About Farside Review
Established in 2020, Farside Review is an online literary magazine that seeks to uncover the infinitely faceted nature of our art, our love, and our tragedies. Farside Review is passionate about the “inertia of memories that smear into your futurity, your crumpled edges of identity, your old stories threaded into new skins.” The journal wants to see our faces: “the ones you wear, the ones you hide, the ones you hold onto instead of wiping away.”
If you have such a story to tell, head over to Farside Review and explore the magazine in its literary entirety!
What is Athazagoraphobia?
Athazagoraphobia is a fear of forgetting someone or something, as well as a fear of being forgotten.
I first came across it in a book I read early last year. I cannot currently recall the name of the book, but it was a lyrical read about a young Chinese American woman and her immigrant mother. The pair came from a long line of calligraphy shop owners, but this young woman wanted to open a restaurant.
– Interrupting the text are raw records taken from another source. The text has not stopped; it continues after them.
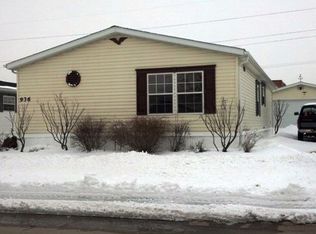 936 S 11th St, Dekalb, IL 60115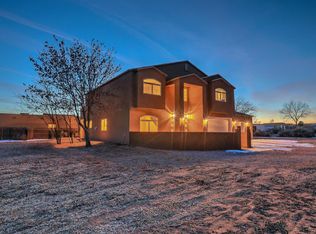 535 Angel Rd, Corrales, NM 87048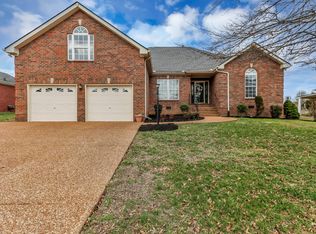 1043 Whitley Pl, Hendersonville, TN 37075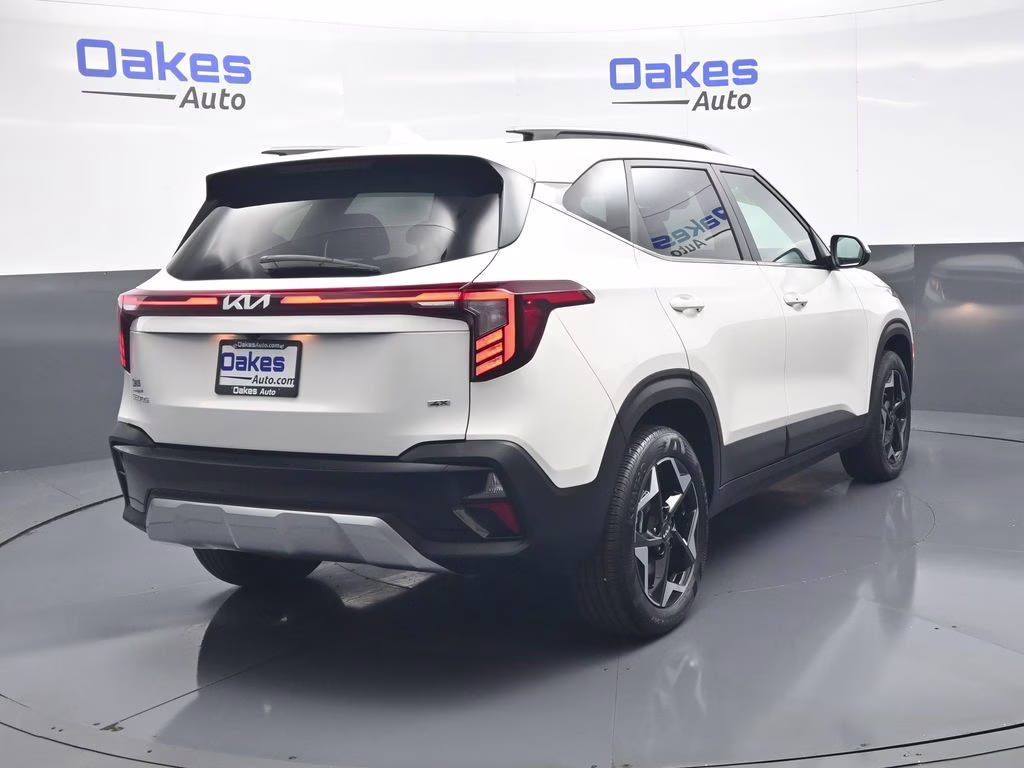 2024 Snow White Pearl Kia Seltos EX AWD SUV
Although she eventually pursues her dream, it shatters her relationship with her mother, who has long lived with athazagoraphobia.
I found the concept of athazagoraphobia fascinating and, after finishing the book, was inspired to write this piece. The writing and the title felt perfect together, and it brings me great joy to know this prose piece has found a home at Farside Review.
The following is a short excerpt of my prose poem Athazagoraphobia, published at Farside Review.
When I weep, I weep quartz crystals. You have collected them since before I was born in a turquoise-studded bowl of your ancestor’s making, where she smoldered incense and the smoke carried her prayers to the afterlife.
Eight may be a lucky number, but an hour of tears yields eighty and I have never counted them, but you swear you have and how can you not have filled the bowl by now? as I weep, and darkness closes in?